Final
- Champions: Donald Johnson Francisco Montana
- Runners-up: Rikard Bergh Jack Waite
- Score: 6–4, 3–6, 6–2

Details
- Draw: 16
- Seeds: 4

Events
| Singles | Doubles |
| Grolsch Open |

= 1996 Grolsch Open – Doubles =

Marcelo Ríos and Sjeng Schalken were the defending champions but they competed with different partners that year, Ríos with Jordi Burillo and Schalken with John-Laffnie de Jager.

de Jager and Schalken lost in the first round to Brett Hansen-Dent and T.J. Middleton.

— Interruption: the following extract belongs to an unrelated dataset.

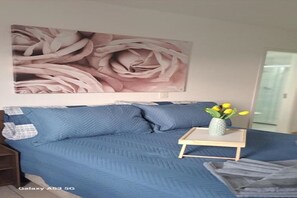 2 bedrooms, iron/ironing board, WiFi, bed sheets - Tulip 🌷 Near Allianz Park (Barra Funda São Paulo)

Burillo and Ríos lost in the quarterfinals to David Rikl and Pavel Vízner.

Donald Johnson and Francisco Montana won in the final 6–4, 3–6, 6–2 against Rikard Bergh and Jack Waite.

==Seeds==
Champion seeds are indicated in bold text while text in italics indicates the round in which those seeds were eliminated.

1. BEL Libor Pimek / RSA Byron Talbot (first round)
2. CZE David Rikl / CZE Pavel Vízner (semifinals)
3. RSA David Adams / NED Menno Oosting (first round)
4. USA Donald Johnson / USA Francisco Montana (champions)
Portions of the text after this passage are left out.